● **What to work on**: Retype each entry below exactly. Do not carry any image over.

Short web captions
--- --- ---
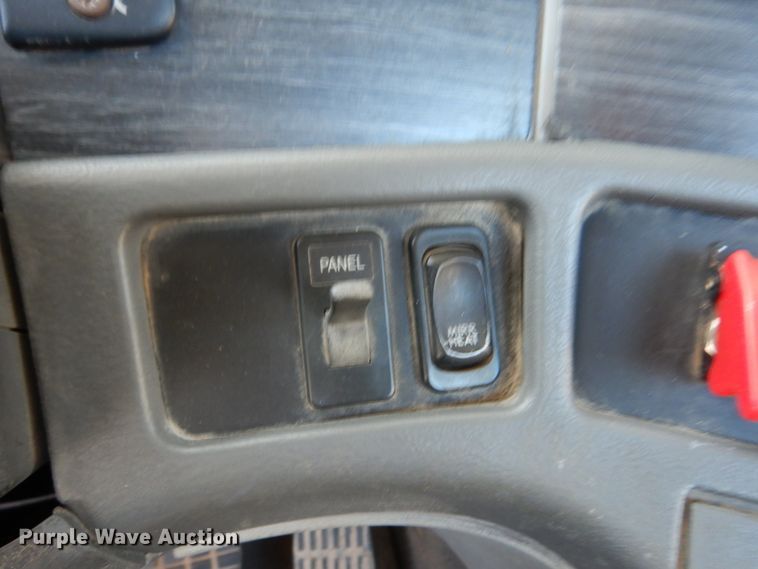 image for item DJ6682 2007 Freightliner Columbia  semi truck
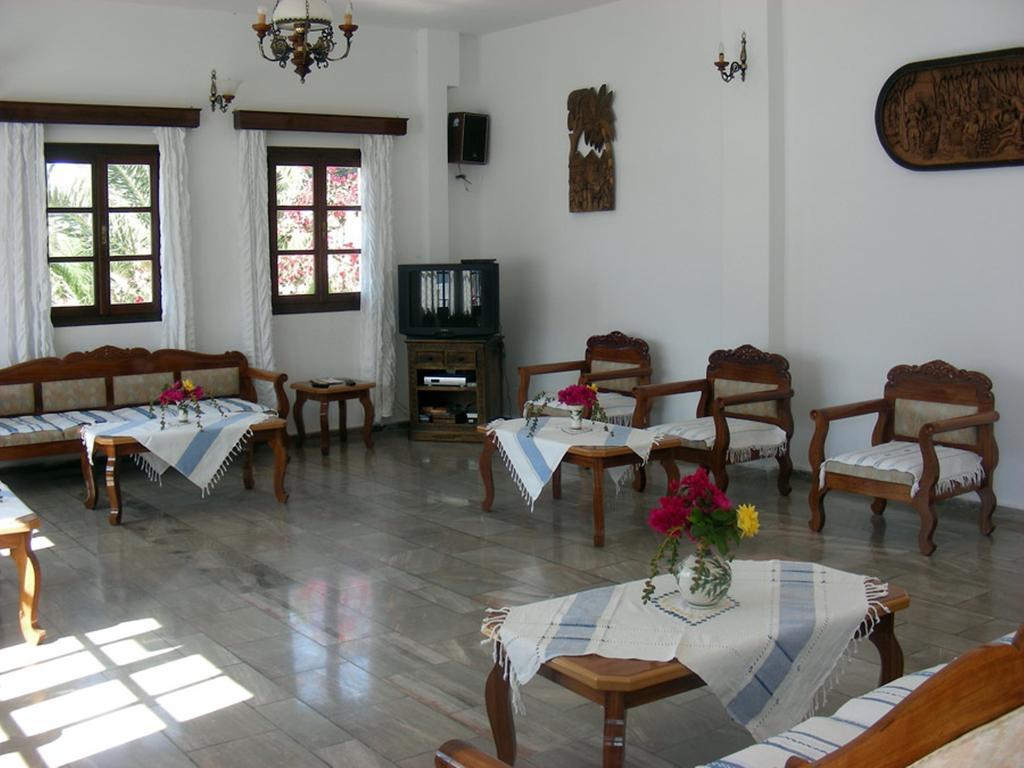 Hotel Porto Potha Telendos エクステリア 写真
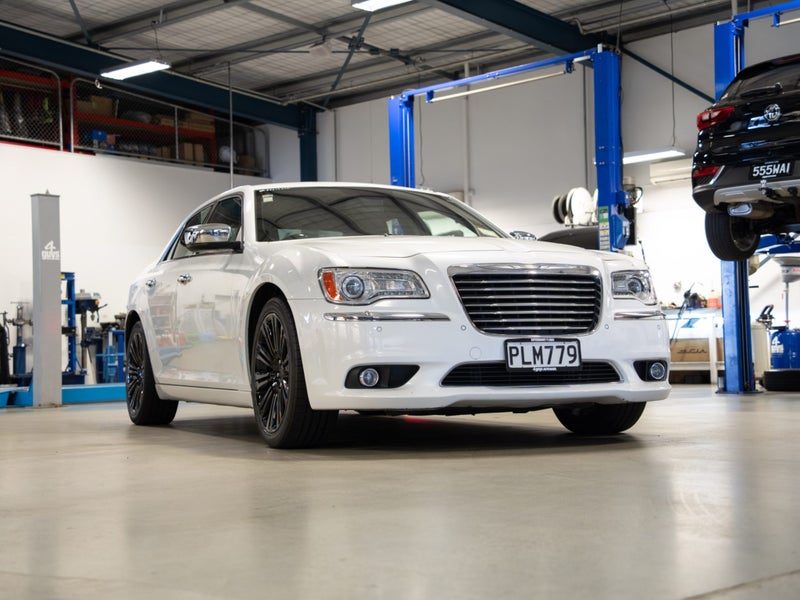 2013 Chrysler 300C 3.6L LUXURY AUTO SEDAN, photo 3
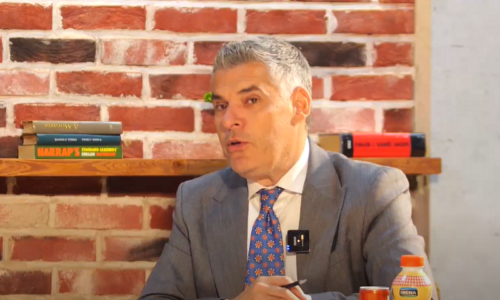 “Ia vlen të jetosh në Kosovë”, Kastrati ka një pyetje për Kurtin: Pse pra familja jote jeton në Norvegji e jo këtu?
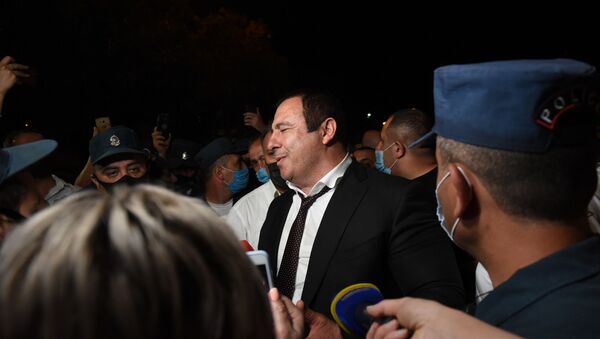 Гагик Царукян вышел из здания СНБ (16 июня 2020). Еревaн - Sputnik Армения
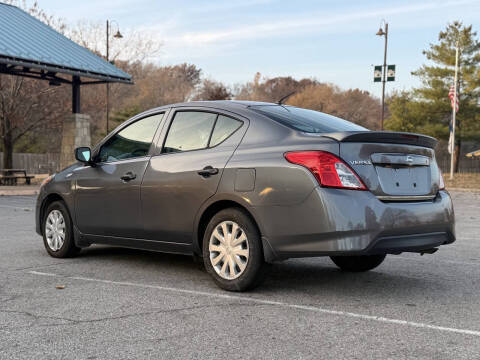 2019 Nissan Versa S Plus
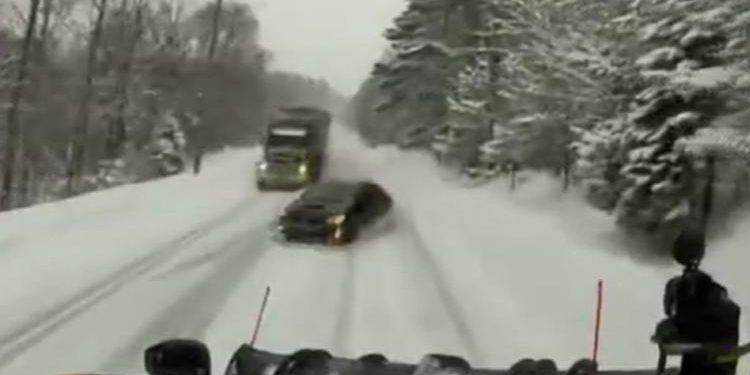 Sollamak isterken kar küreme aracına çarptı, ikiye bölündü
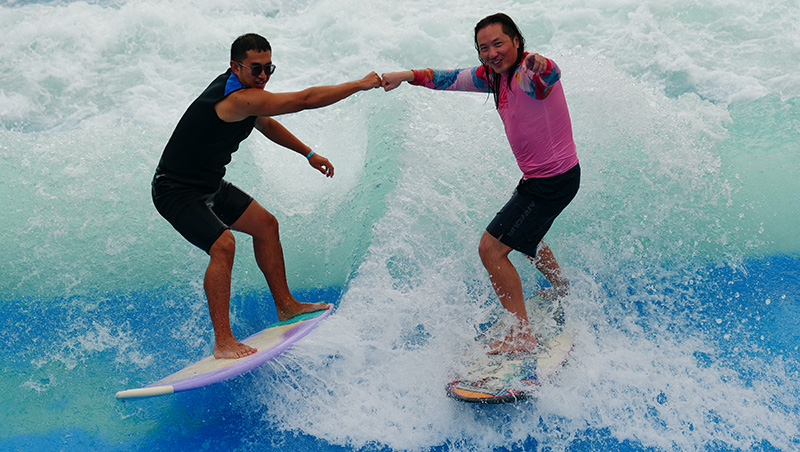 surf waves for hotel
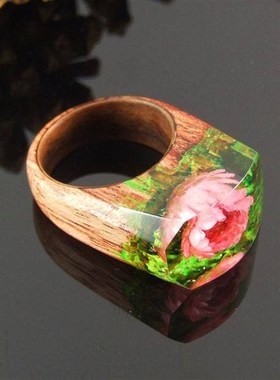 木环。戒指内的秘密世界。女士木戒指。木质树脂环。玻璃容器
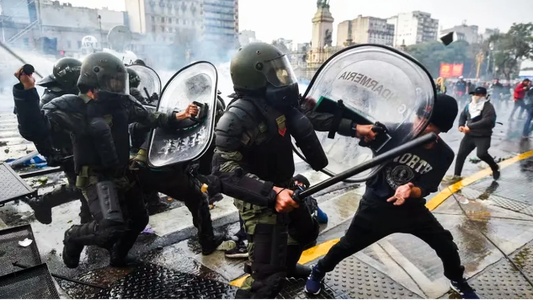 Liberaron a otros 11 detenidos por los destrozos frente al Congreso por la Ley Bases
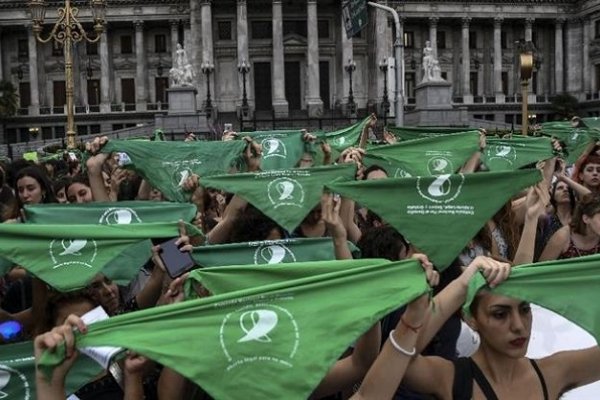 Miles de mujeres marcharon al Congreso para exigir una nueva ley de aborto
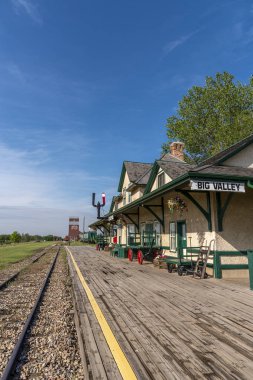 Big Valley, Alberta-8 Haziran 2019: kırsal Alberta büyük Vadisi 'nde eski tren istasyonu. Bu güzel yenilenmiş İstasyonu bu küçük kırsal kasaba ziyaretçileri için bir ana cazibe.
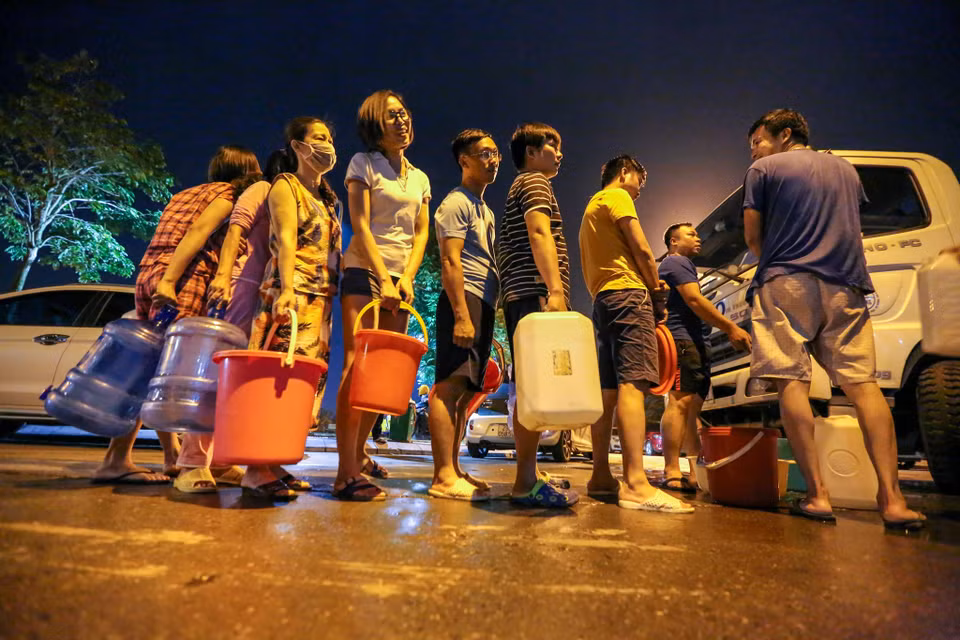Những người dân tại đây cho hay, họ nhận thấy nước sinh hoạt có mùi lạ nên không dám sử dụng để ăn, uống mà chỉ để tắm rửa. Đến ngày 16/10, nước mới chính thức bị cắt. (Ảnh: Minh Sơn/Vietnam+)
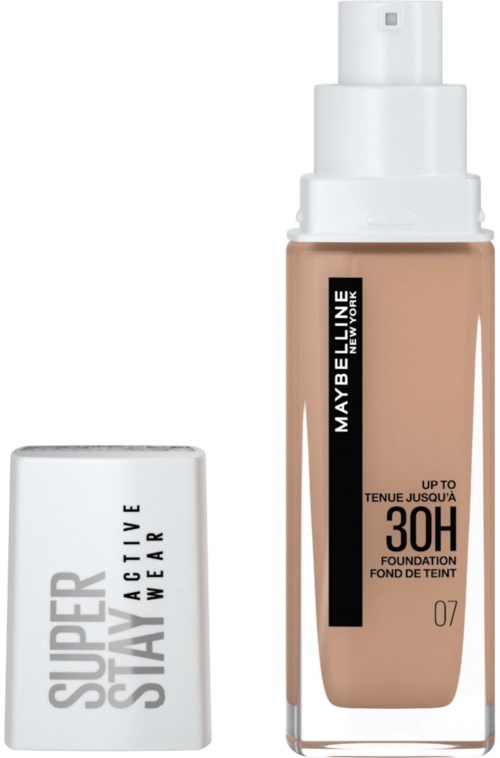 Flasche mit Maybelline Foundation mit Pumpe und weißem Deckel vorne, und weißer Deckel mit schwarzem Text dahinter.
--- --- ---
● **Answer to this exercise**:
 image for item DJ6682 2007 Freightliner Columbia  semi truck
 Hotel Porto Potha Telendos エクステリア 写真
 2013 Chrysler 300C 3.6L LUXURY AUTO SEDAN, photo 3
 “Ia vlen të jetosh në Kosovë”, Kastrati ka një pyetje për Kurtin: Pse pra familja jote jeton në Norvegji e jo këtu?
 Гагик Царукян вышел из здания СНБ (16 июня 2020). Еревaн - Sputnik Армения
 2019 Nissan Versa S Plus
 Sollamak isterken kar küreme aracına çarptı, ikiye bölündü
 surf waves for hotel
 木环。戒指内的秘密世界。女士木戒指。木质树脂环。玻璃容器
 Liberaron a otros 11 detenidos por los destrozos frente al Congreso por la Ley Bases
 Miles de mujeres marcharon al Congreso para exigir una nueva ley de aborto
 Big Valley, Alberta-8 Haziran 2019: kırsal Alberta büyük Vadisi 'nde eski tren istasyonu. Bu güzel yenilenmiş İstasyonu bu küçük kırsal kasaba ziyaretçileri için bir ana cazibe.
Những người dân tại đây cho hay, họ nhận thấy nước sinh hoạt có mùi lạ nên không dám sử dụng để ăn, uống mà chỉ để tắm rửa. Đến ngày 16/10, nước mới chính thức bị cắt. (Ảnh: Minh Sơn/Vietnam+)
 Flasche mit Maybelline Foundation mit Pumpe und weißem Deckel vorne, und weißer Deckel mit schwarzem Text dahinter.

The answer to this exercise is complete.